When the remap doesn't help

  • Ad-hoc / OLAP traffic. Each query is unique. When the pool cache is full, each new query shape must find an old entry to evict with an O(N) scan. Disable prepared-statement remapping with prepared_statements: false if the instance only serves this traffic.
  • Single-statement scripts. A connect → Parse → 1 Bind → disconnect pattern doesn't accumulate enough hits to repay the bookkeeping. The overhead per Parse is small (~700 ns) but measurable.
  • Async drivers in pipeline mode. Each session gets a unique DOORMAN_async_<N> name to avoid name collisions between in-flight operations, so the server cache can't reuse entries across sessions. The pool-level cache still shares the query text across sessions; the backend planner still runs once per session.

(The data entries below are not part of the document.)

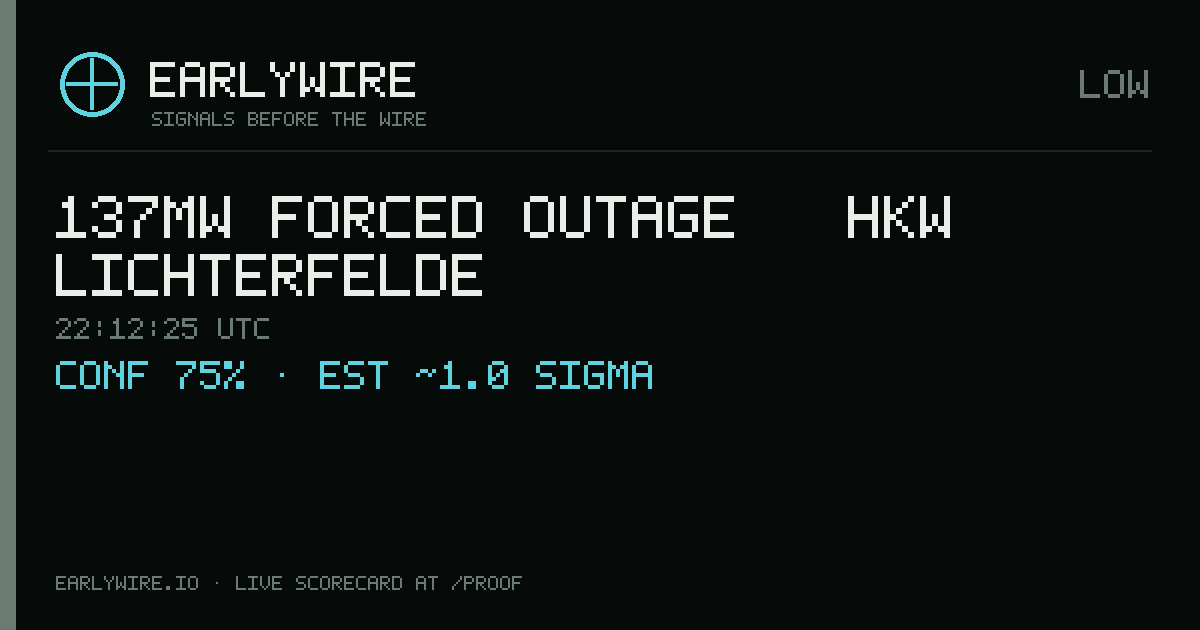 137MW forced outage — HKW Lichterfelde — EARLYWIRE event card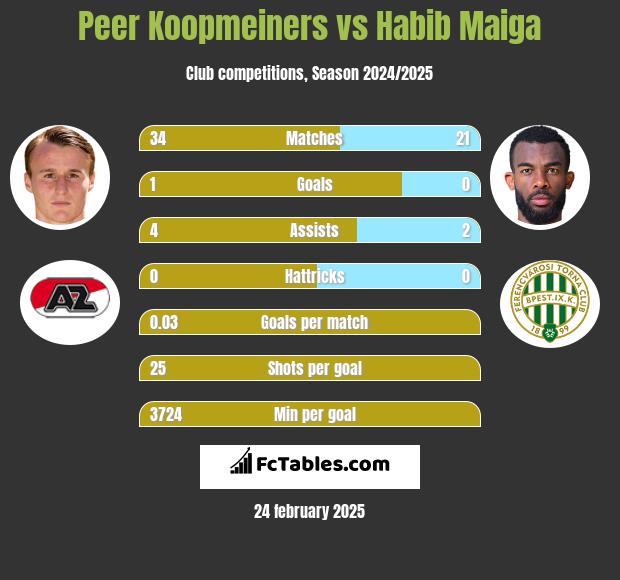 Peer Koopmeiners vs Habib Maiga h2h player stats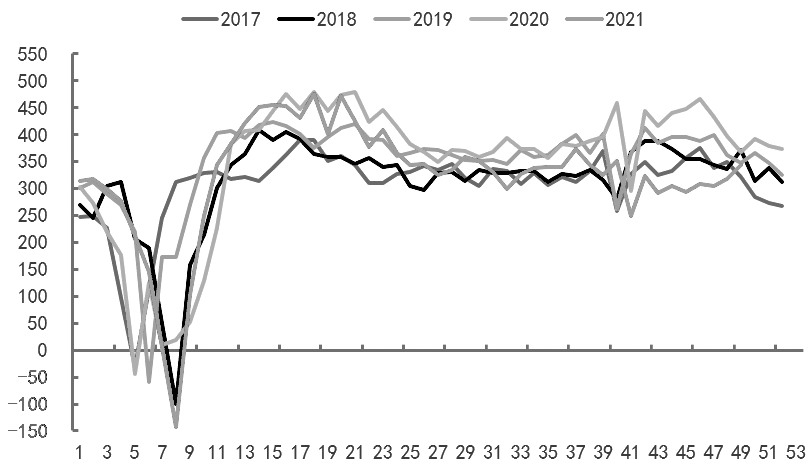 211208f1.JPG 螺纹钢有望偏强运行(图2)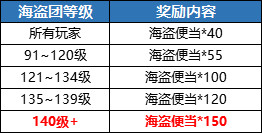 海盗团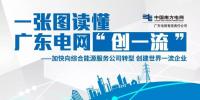 一張圖讀懂 | 廣東電網(wǎng)如何創(chuàng)建世界一流企業(yè)？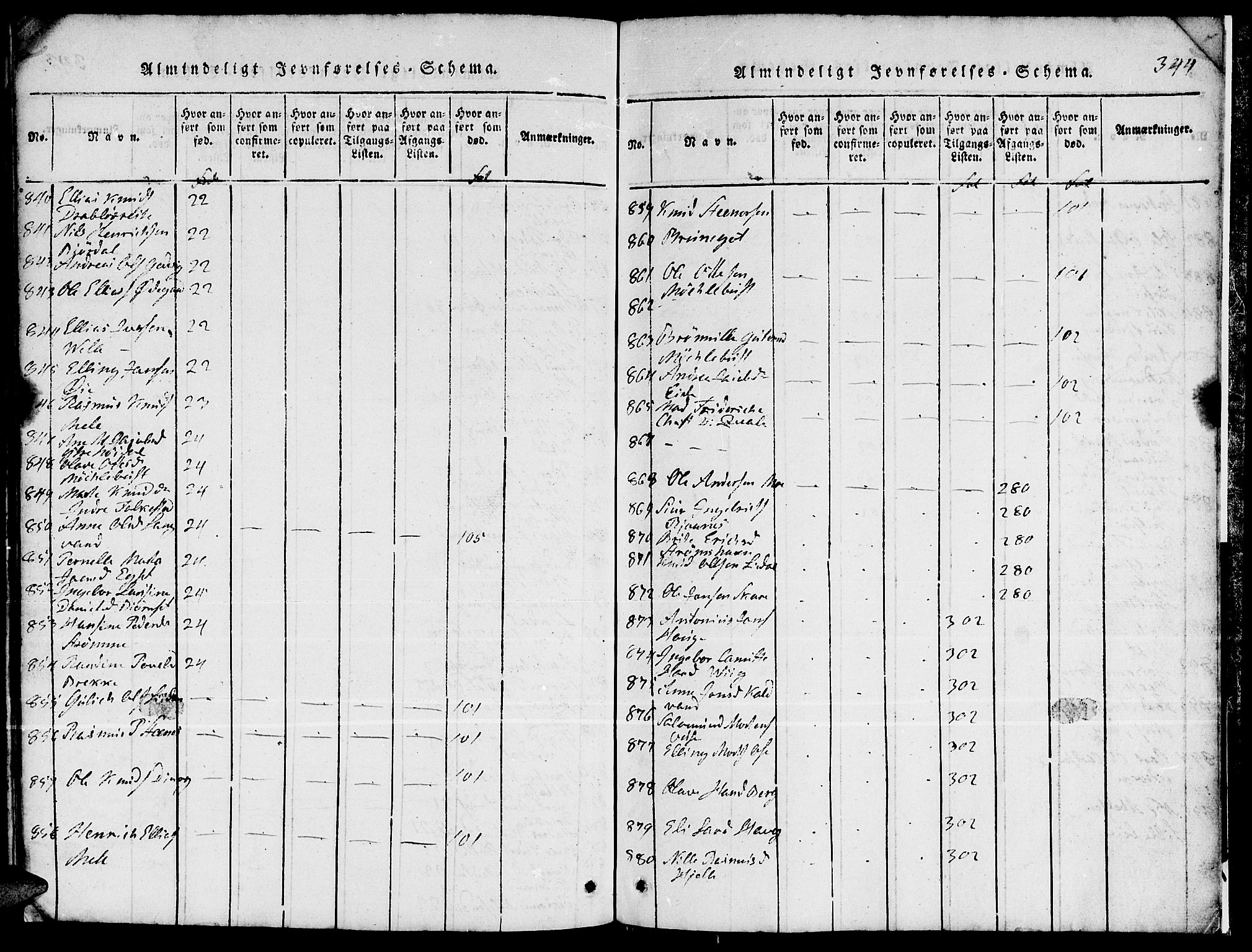 Ministerialprotokoller, klokkerbøker og fødselsregistre - Møre og Romsdal, AV/SAT-A-1454/511/L0155: Parish register (copy) no. 511C01, 1817-1829, p. 344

Track effectiveness with rate(pg_doorman_servers_prepared_hits_total[5m]) and rate(pg_doorman_servers_prepared_misses_total[5m]). A sustained miss share above 30 % means the remap is spending CPU and memory without enough backend plan reuse. Either disable it or raise prepared_statements_cache_size.

How other poolers handle this

PoolerParse/plan cache for anonymous prepared statements
PgDoormanYes: transparent remap to DOORMAN_<N>
PgBouncer 1.21+No: named only, anonymous forwarded unchanged
OdysseyNo: named only, pool_reserve_prepared_statement
PgCatNo: named only

PgBouncer added prepared-statement support in 1.21, but limited it to named statements: an anonymous Parse is forwarded as-is and each Bind re-runs the planner. Odyssey's pool_reserve_prepared_statement requires named statements; it does nothing for anonymous traffic. PgCat behaves the same way.

In this comparison, only PgDoorman caches anonymous Parse.

Configuration

SettingDefaultEffect
prepared_statementstrueEnables prepared-statement remapping and caching. Set false to disable the feature.
prepared_statements_cache_size8192Pool-level cache size in entries. Must be greater than 0 while prepared_statements is true.
server_prepared_statements_cache_sizeinherits prepared_statements_cache_sizePer-backend LRU size for DOORMAN_<N> names. 0 disables backend retention but not the pool-level remap.
client_anonymous_prepared_cache_sizeinherits prepared_statements_cache_sizePer-client Anonymous LRU size. 0 means unlimited. Named is unbounded.

The Named part of the per-client cache is always unlimited and is not affected by client_anonymous_prepared_cache_size.

To disable prepared-statement remapping entirely (rare, for OLAP-only deployments):

general:
  prepared_statements: false

There is no separate anonymous-only switch. Do not use prepared_statements_cache_size: 0 as the disable switch: pg_doorman rejects that general config while prepared_statements is enabled.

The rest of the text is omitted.